A falling number of corporates are choosing to list on the Taiwan Stock Exchange. Given the dire after-market performance of Aslan Pharmaceuticals, it is not hard to see why.

taipei cityscape clouds-600
Taipei is not the place you go to complete big equity capital markets transactions,
wherever you come from

When Aslan Pharmaceuticals cast around for the right place to sell shares earlier this year, it did not choose Hong Kong, nor its hometown of Singapore, nor even mainland China’s two leading bourses, but Taiwan.

Aslan’s chief executive Carl Firth, a former head of Asia healthcare investment banking at Bank of America Merrill Lynch, was convinced it was the right decision.

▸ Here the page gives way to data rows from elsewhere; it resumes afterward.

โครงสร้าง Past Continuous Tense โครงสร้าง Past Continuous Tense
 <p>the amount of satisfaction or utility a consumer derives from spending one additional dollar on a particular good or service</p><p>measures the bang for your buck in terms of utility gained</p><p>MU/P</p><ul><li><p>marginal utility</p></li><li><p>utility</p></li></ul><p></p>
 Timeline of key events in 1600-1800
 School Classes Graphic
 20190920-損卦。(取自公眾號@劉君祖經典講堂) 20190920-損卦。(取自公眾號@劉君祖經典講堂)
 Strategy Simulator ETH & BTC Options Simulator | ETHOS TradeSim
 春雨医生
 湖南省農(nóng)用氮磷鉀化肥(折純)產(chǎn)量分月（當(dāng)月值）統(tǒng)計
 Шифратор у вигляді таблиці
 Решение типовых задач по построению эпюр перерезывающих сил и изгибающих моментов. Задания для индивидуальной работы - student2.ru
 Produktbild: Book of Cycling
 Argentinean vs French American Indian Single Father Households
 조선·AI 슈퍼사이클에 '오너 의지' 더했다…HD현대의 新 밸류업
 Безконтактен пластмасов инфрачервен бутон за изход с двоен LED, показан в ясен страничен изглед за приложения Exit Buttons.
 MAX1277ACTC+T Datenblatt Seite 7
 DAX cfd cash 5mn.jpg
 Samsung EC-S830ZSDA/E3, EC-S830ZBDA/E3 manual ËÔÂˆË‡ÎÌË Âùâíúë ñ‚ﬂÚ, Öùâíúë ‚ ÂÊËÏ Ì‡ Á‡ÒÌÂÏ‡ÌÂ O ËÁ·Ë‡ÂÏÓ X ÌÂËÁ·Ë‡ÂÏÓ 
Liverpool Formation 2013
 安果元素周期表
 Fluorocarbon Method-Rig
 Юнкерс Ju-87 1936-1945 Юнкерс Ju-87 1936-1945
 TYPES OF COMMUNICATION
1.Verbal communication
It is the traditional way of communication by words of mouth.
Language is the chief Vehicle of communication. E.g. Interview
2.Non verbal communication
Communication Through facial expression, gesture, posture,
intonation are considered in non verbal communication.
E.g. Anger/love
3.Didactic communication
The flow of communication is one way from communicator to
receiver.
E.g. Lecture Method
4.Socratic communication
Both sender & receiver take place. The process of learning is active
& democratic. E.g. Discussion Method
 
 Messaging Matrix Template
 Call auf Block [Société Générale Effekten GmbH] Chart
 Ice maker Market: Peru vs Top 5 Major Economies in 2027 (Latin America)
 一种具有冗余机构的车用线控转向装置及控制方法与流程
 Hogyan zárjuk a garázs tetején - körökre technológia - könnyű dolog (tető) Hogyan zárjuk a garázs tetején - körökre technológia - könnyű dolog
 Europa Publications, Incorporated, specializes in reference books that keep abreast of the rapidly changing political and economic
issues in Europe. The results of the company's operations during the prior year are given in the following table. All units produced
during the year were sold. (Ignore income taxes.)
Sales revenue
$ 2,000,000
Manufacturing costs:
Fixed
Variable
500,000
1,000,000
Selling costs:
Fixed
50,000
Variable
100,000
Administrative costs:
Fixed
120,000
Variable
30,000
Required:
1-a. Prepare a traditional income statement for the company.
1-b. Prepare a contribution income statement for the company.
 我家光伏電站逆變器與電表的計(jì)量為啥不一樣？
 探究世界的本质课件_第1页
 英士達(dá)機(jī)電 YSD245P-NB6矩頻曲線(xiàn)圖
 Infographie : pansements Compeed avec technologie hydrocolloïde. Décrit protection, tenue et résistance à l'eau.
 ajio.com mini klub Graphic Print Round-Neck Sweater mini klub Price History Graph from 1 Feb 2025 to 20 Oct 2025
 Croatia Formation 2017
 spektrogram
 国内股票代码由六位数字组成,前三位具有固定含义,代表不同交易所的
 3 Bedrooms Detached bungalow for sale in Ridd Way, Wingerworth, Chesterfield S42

The firm’s lack of profitability – it posted a small pre-tax loss in 2016 – had ruled out Hong Kong, while the US exchanges were deemed too volatile. Singapore was also nixed, due to the lack of biotech firms listed in the Lion City. 

Taiwan, however, was a different matter. The Taiwan Stock Exchange (TSE) was widely viewed as a sleepy little bourse lacking the liquidity and trading volumes of Shanghai or Hong Kong. But it had its upsides. 

The island boasts one of the world’s best-run and most-generously funded public healthcare systems. Moreover, a host of biotech corporates had successfully listed on the TSE in the past, led by TaiMed Biologics and ScinoPharm, making it, on the surface at least, a logical listing venue.